Market analysts largely expect gold prices to maintain their upward trajectory. This outlook is based on rising bets that the US Fed could implement three additional rate cuts by the end of 2026. Since gold is a non-yielding asset, it tends to perform exceptionally well in low-interest-rate environments. Recent comments from Fed officials, including San Francisco Fed President Mary Daly and Fed Governor Christopher Waller, have further solidified market expectations for a policy easing as early as next month.

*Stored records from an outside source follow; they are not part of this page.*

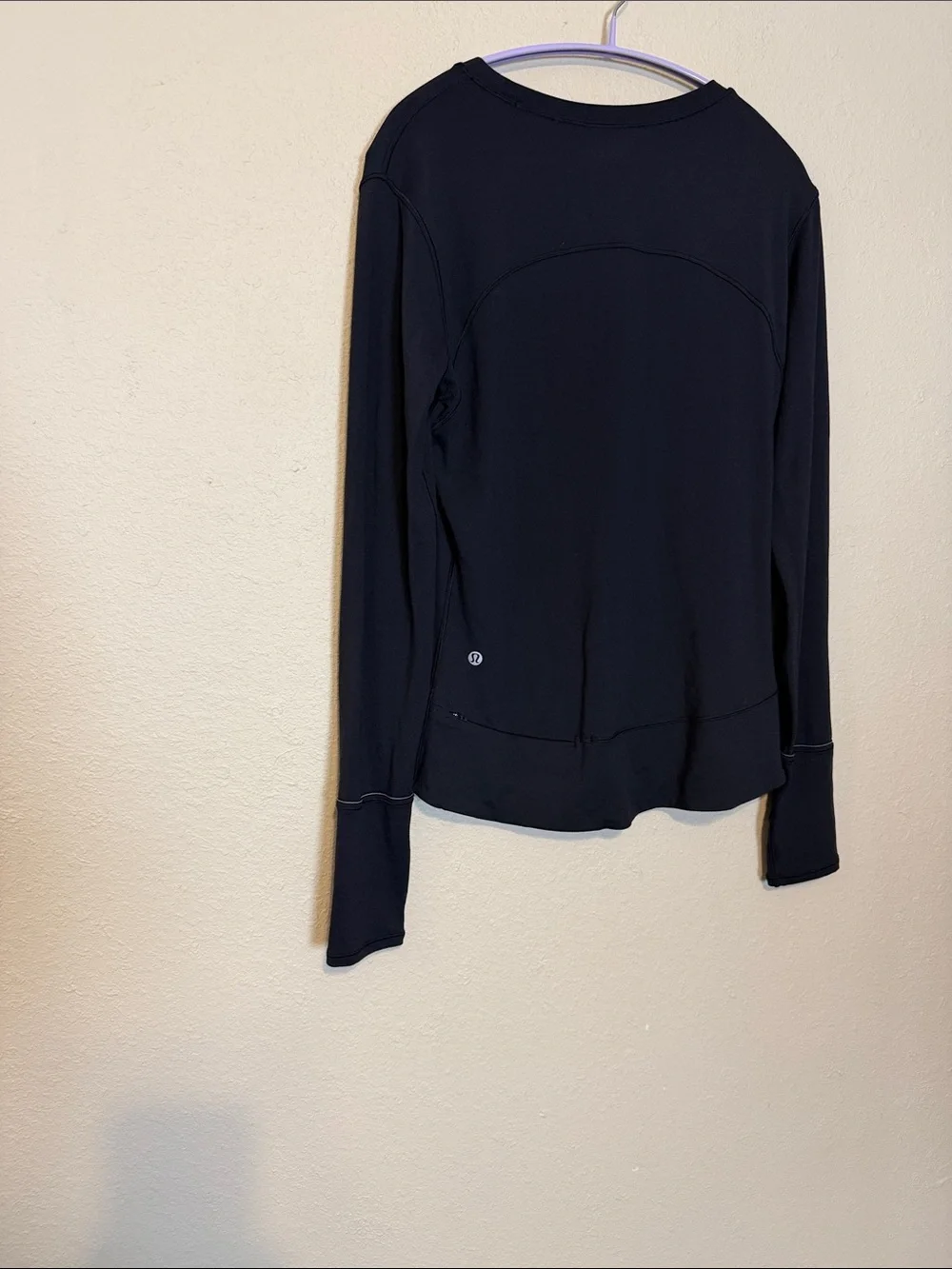 Lululemon Rulu‎ Gathered Waist Long Sleeve Run Top Black Size Medium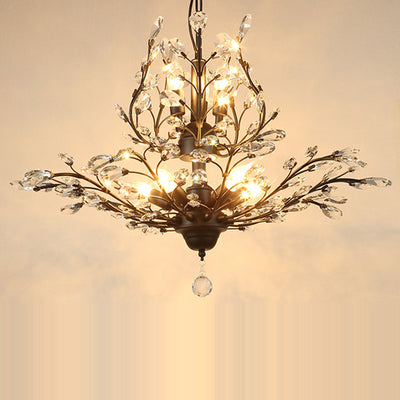 Traditional French Iron Crystal Branch 7/8/9/12 Light Chandeliers For Dining Room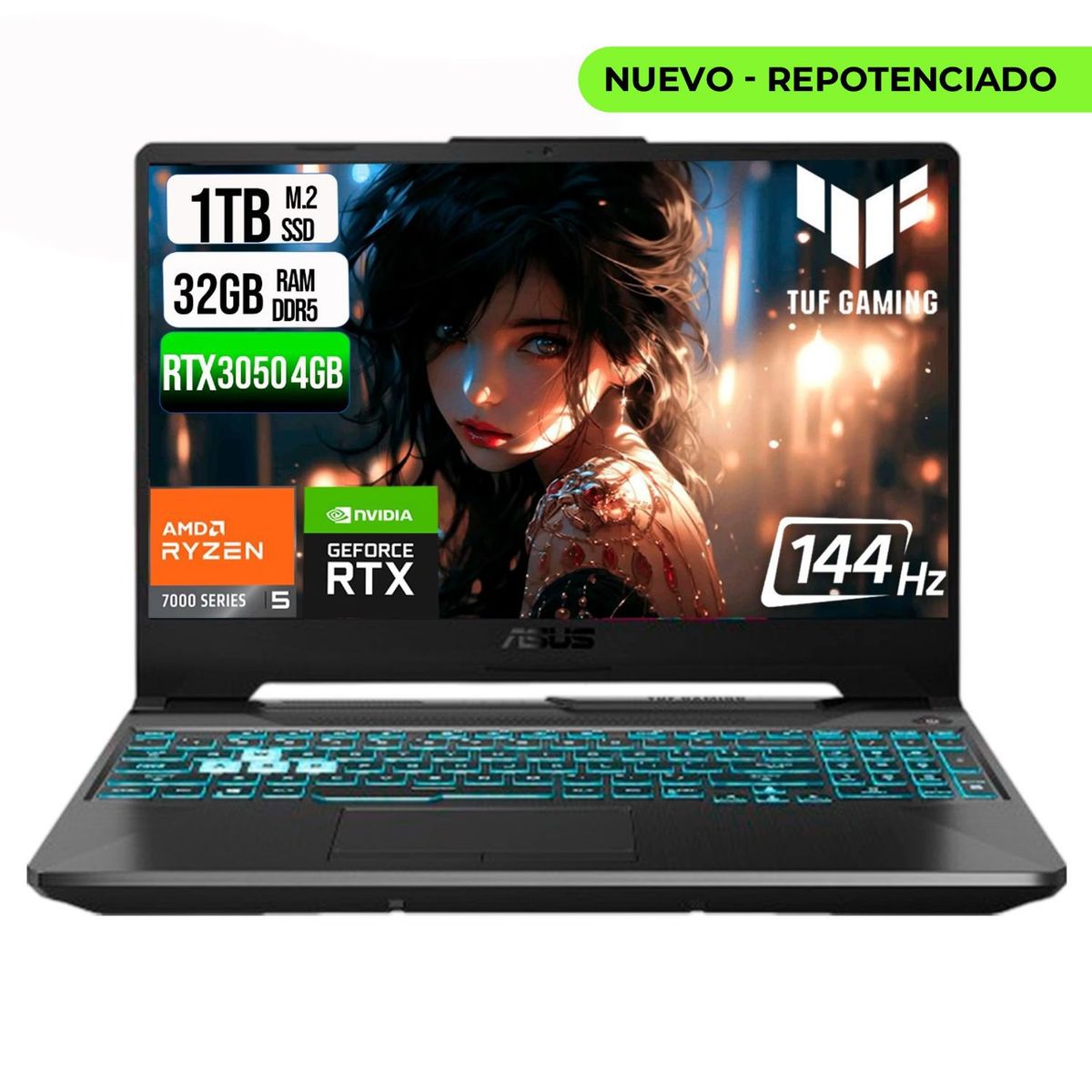 ASUS - ASUS TUF A15 AMD RYZEN 5 7535HS SSD 1TB RAM 32GB DDR5 15,6 FHD RTX 3050 4GB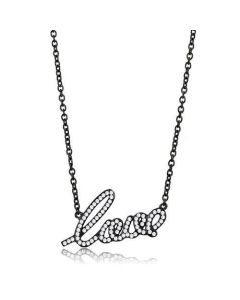 JCE3217 IP Black(Ion Plating) Stainless Steel Chain Pendant with AAA Grade CZ in Clear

The CME's FedWatch tool reflects this strong sentiment, indicating that US rate futures are now pricing in an 87% probability of a rate cut in December. This is a substantial increase from 50% just a week prior. A contributing factor to gold's appeal has been the US dollar's weakness, which was headed for its worst week since late July. A softer dollar makes gold cheaper for holders of other currencies, thereby stimulating demand.
However, analysts also caution that optimism about a US-led peace plan for the Russia-Ukraine conflict could potentially limit further sharp gains in gold prices by reducing its safe-haven appeal.
Despite this, Trivedi maintains a bullish stance, expecting gold prices to remain strong or even climb higher due to continued safe-haven demand and potential macroeconomic triggers. He offers clear guidance for investors: "Thus, if the goal is long-term preservation of wealth or a hedge against inflation and volatility — rather than trying to 'time the bottom' — buying gold now can be a reasonable decision."
He provided specific technical levels, identifying ₹1,30,000 per 10 grams as a near-term resistance and ₹1,26,000 per 10 grams as a strong support level. His concrete recommendation for traders is to "go long in the December month for a target of ₹1,30,000 per 10 grams with a stop loss near ₹1,27,000 per 10 grams."